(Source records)
....................

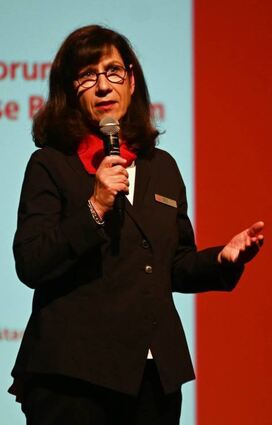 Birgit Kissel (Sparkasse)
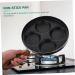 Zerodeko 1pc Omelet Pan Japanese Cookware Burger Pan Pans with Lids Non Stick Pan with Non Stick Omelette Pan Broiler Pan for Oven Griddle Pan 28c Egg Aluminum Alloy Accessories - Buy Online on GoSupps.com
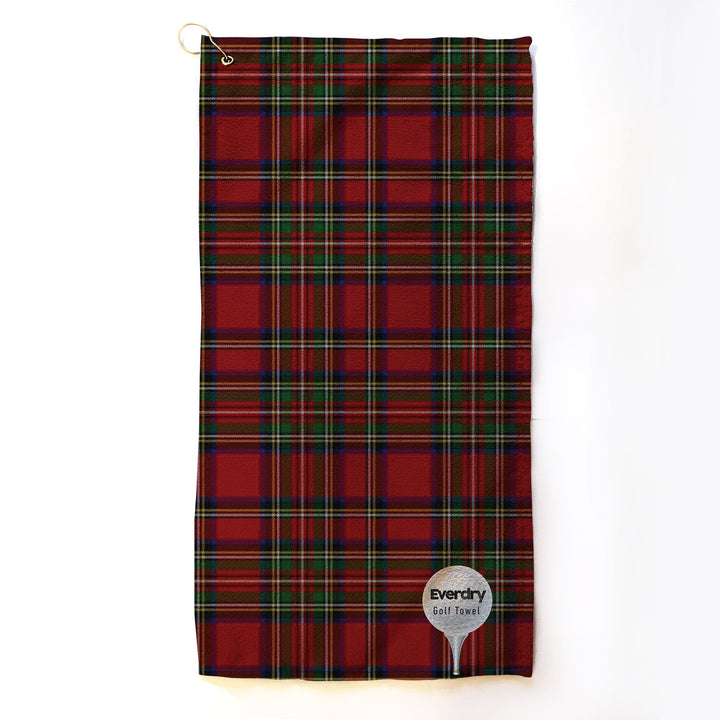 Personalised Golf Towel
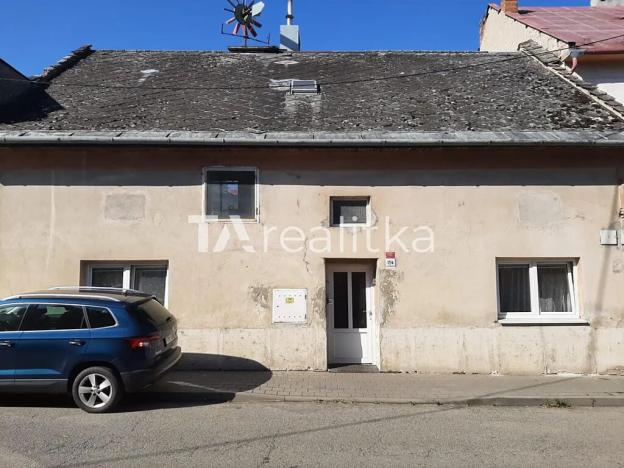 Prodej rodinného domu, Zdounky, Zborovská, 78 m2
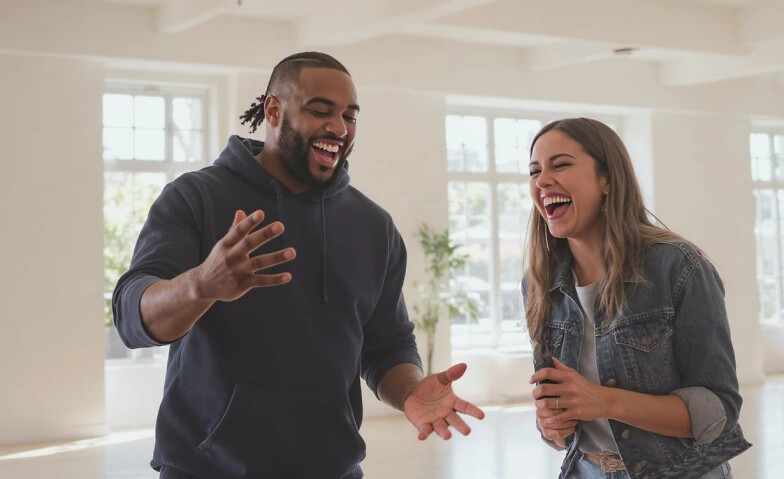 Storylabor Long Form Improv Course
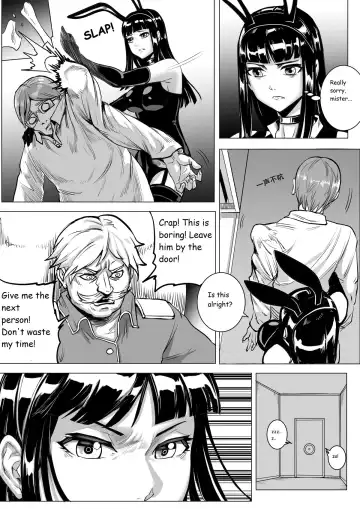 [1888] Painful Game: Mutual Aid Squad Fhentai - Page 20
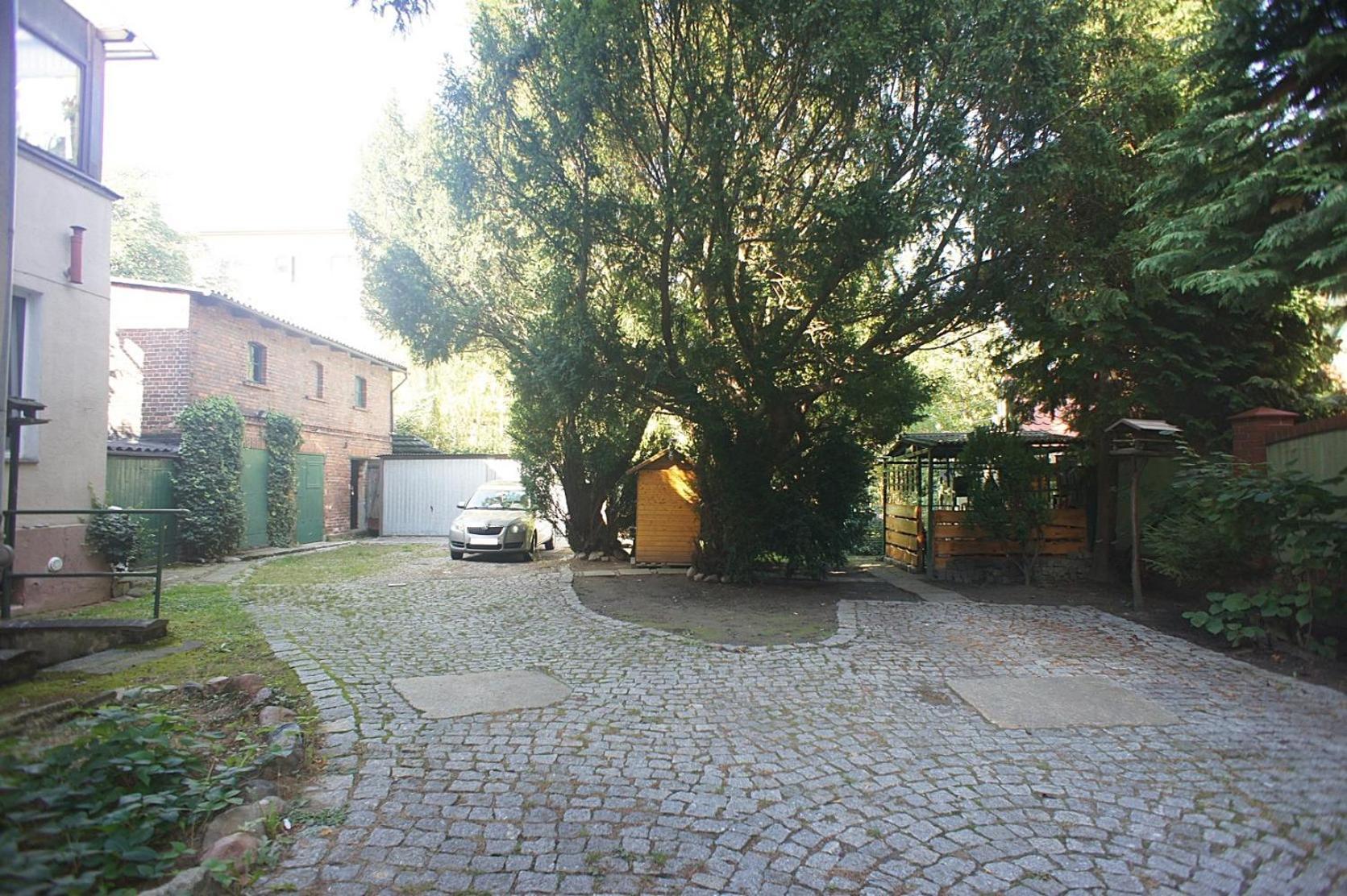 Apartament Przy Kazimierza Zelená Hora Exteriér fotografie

....................

*EXERCISE OBJECTIVE*: Return nothing but the lines running from the start of the data to the line with "Personalised Golf Towel", please, both ends included and no pictures.

*YOUR RESPONSE*:
 Birgit Kissel (Sparkasse)
 Zerodeko 1pc Omelet Pan Japanese Cookware Burger Pan Pans with Lids Non Stick Pan with Non Stick Omelette Pan Broiler Pan for Oven Griddle Pan 28c Egg Aluminum Alloy Accessories - Buy Online on GoSupps.com
 Personalised Golf Towel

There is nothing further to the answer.